Petrochemical giant Ineos is investing $3.4 billion in the heart of the Belgian industrial port of Antwerp to build a “world-scale” 1.25-million-metric ton-a-year ethane cracker with a propane dehydrogenation (PDH) unit producing 750 kilotonnes per annum (ktpa) of propylene.
The “game-changer” investment, announced by Ineos chairman and founder Jim Ratcliffe, is expected to supply to Europe and is one of the UK company's biggest investments in recent years.
McDermott will supply the technology for the PDH unit, while the company is yet to finalize a technology licensor for its cracker.
The new cracker will be the first to be built in Europe in the past 20 years, with feedstock supplied from imported U.S. shale gas.
“Our investment … is the largest of its kind in Europe for more than a generation and is an important development for the European petrochemical industry,” said Ratcliffe in a Jan. 15 press conference.
Calling for a "competitive" environment in Europe, Ratcliffe said the investment by Ineos would have significant impact on the region's chemicals industry, which he said has "fallen behind enormously" compared to the U.S. and Chinese industries.

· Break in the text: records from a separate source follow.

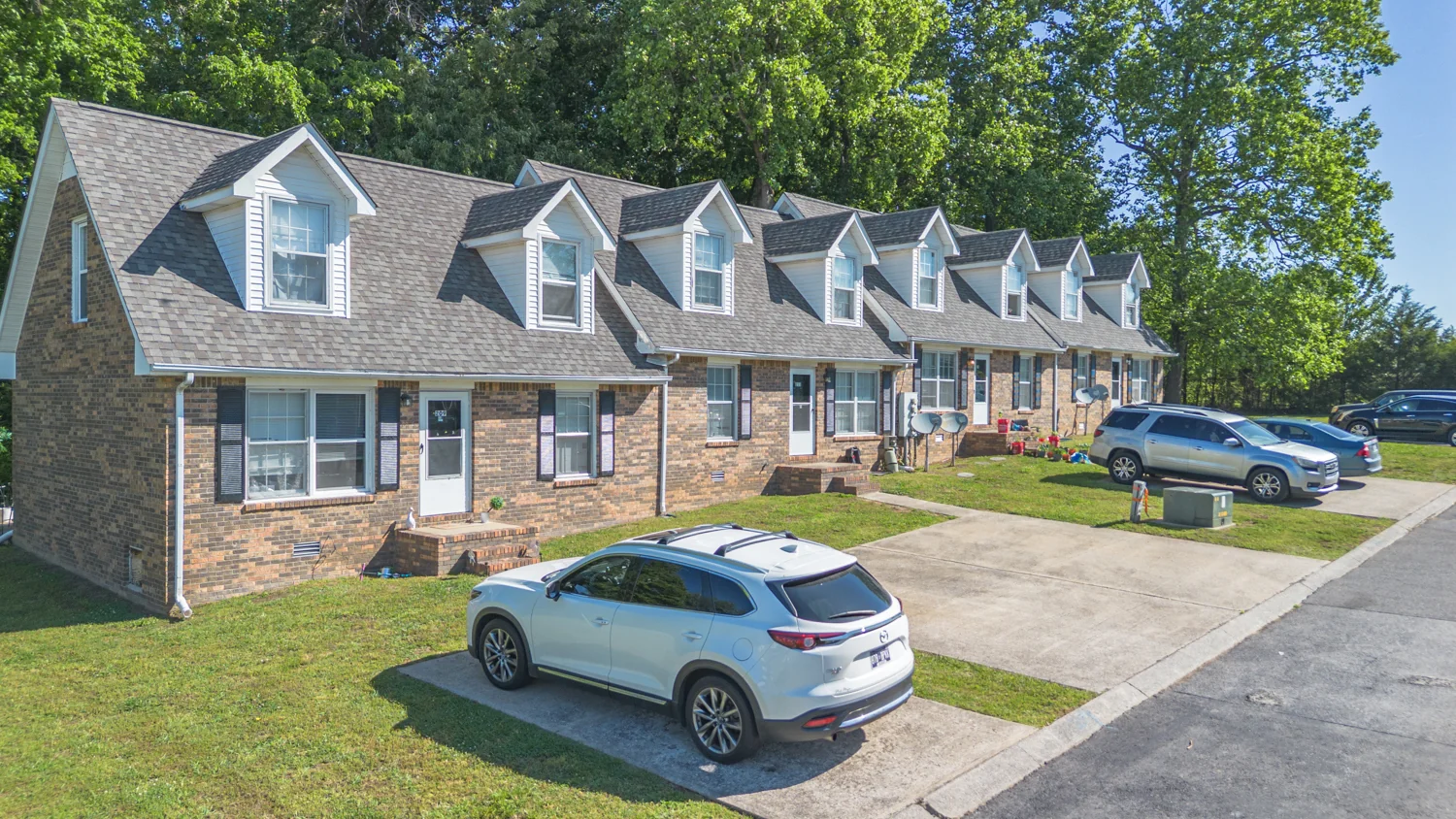 Harrier Court Apartments — Sale in Clarksville, TN, photo 4 of 5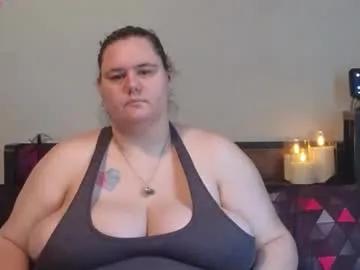 Freechat mzjuicybootay2169 on Chaturbate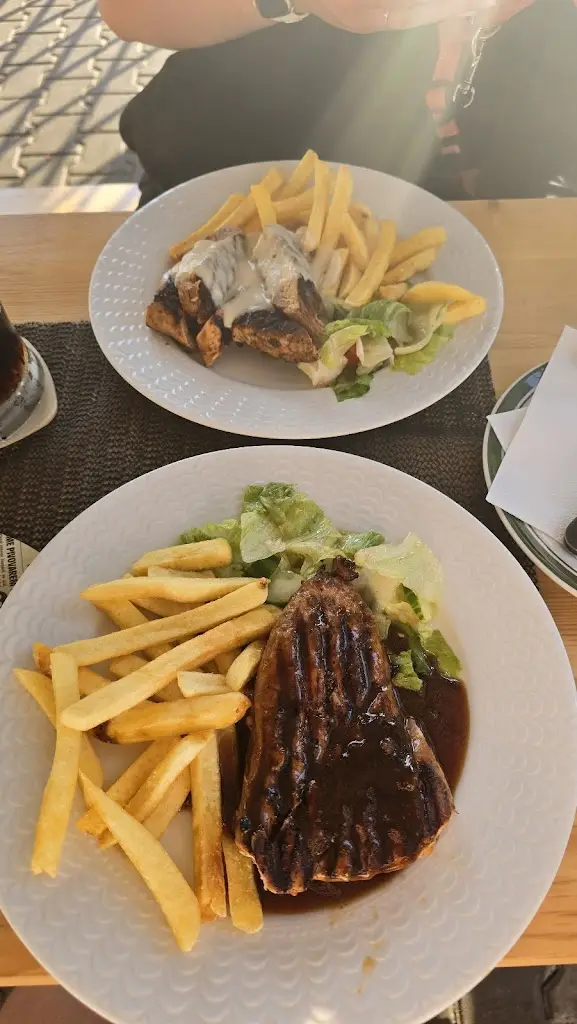 marek malínský_Club Hotel - Uni Gastro S.r.o._Třemošnice_review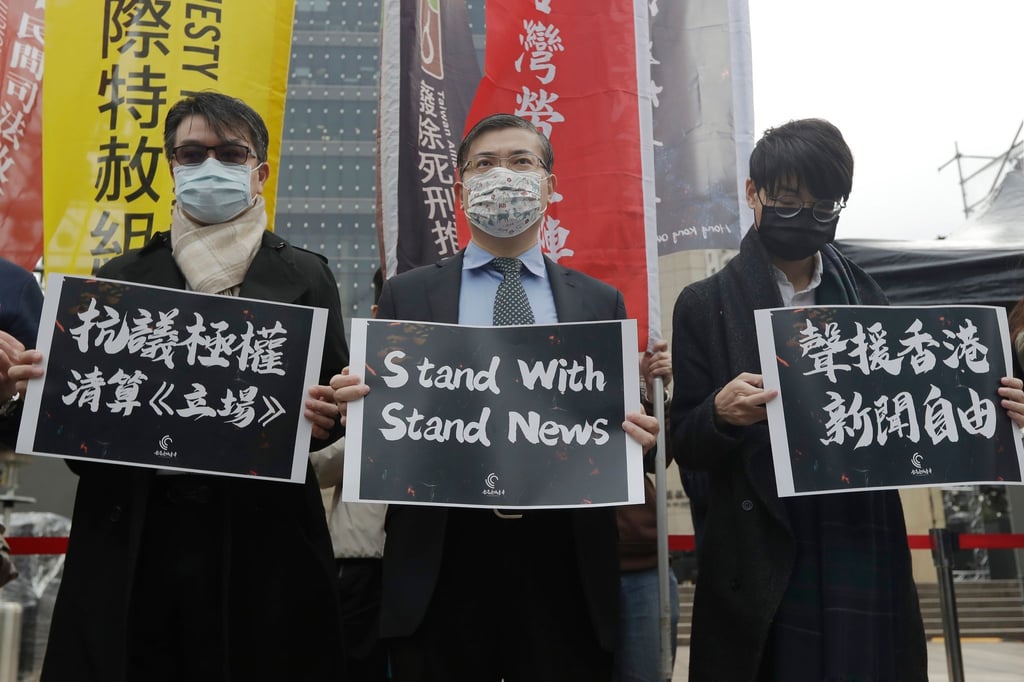 Demonstranten protestieren vor der Bank of China in Taipei.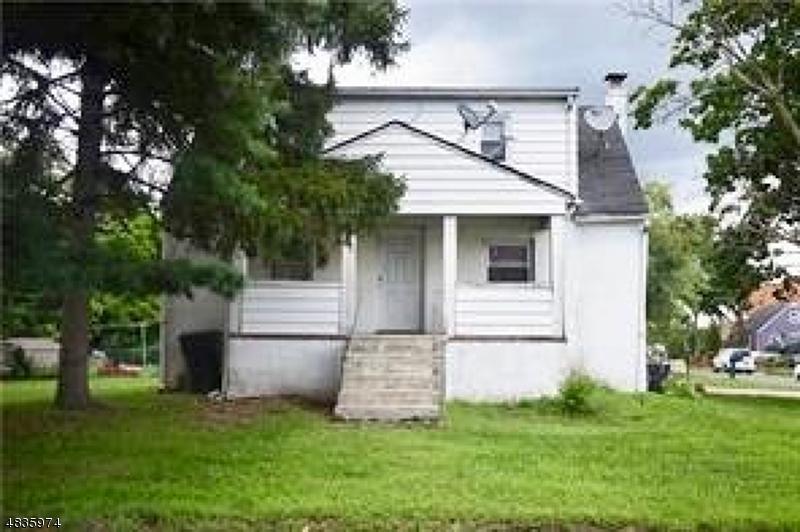 93 Fuller St - Photo 1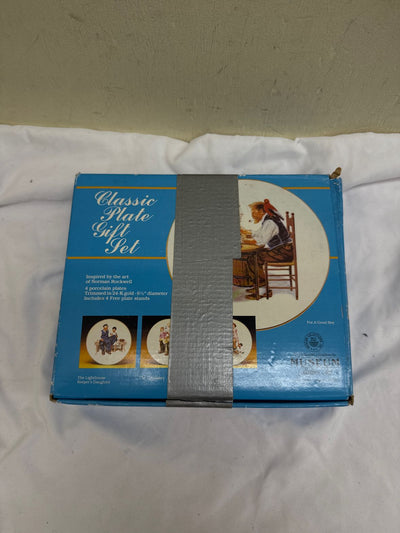 NIB The Toy Maker Classic Plates Gift Set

"Energy is an issue for Europe and Europe hasn't exactly faced up to that. ... If we were not bringing shale gas from the U.S., we would not be able to justify the economics of this project," he said.
To support the project in Antwerp, Ratcliffe said Ineos will be further investing in its import of shale gas from the U.S. through its transatlantic vessels.
The new complex will be collocated with Ineos' existing sites in Lillo, Antwerp, and will be connected by pipeline to a number of Ineos ethylene and propylene derivatives units in central and northern Europe.